Web page caption snippets
★ ★ ★ ★ ★

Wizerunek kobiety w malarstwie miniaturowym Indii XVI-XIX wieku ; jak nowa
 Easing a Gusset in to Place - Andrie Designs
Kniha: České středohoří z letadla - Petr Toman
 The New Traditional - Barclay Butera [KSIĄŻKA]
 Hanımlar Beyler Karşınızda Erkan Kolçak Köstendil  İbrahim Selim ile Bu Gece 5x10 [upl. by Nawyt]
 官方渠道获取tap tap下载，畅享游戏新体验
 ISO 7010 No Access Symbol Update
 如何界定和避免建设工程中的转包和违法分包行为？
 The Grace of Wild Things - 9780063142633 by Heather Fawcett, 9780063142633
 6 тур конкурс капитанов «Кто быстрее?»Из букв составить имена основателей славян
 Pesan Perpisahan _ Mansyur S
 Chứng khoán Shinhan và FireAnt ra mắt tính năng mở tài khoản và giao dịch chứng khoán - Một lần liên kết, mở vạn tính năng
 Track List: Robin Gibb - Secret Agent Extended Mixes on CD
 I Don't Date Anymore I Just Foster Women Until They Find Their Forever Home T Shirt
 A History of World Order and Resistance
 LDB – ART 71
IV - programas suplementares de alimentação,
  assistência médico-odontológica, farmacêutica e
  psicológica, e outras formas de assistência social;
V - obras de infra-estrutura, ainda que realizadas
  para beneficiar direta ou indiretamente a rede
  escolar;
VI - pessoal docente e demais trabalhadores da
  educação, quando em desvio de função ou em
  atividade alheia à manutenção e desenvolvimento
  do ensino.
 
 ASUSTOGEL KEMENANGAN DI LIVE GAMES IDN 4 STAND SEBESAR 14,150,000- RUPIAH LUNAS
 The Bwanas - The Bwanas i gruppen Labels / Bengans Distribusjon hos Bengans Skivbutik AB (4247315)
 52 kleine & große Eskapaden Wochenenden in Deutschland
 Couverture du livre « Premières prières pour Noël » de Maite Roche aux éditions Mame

★ ★ ★ ★ ★

| YOUR INSTRUCTIONS |
Look through the data above. Copy every line with the string "assistência" in it.

| ANSWER SECTION |
  assistência médico-odontológica, farmacêutica e
  psicológica, e outras formas de assistência social;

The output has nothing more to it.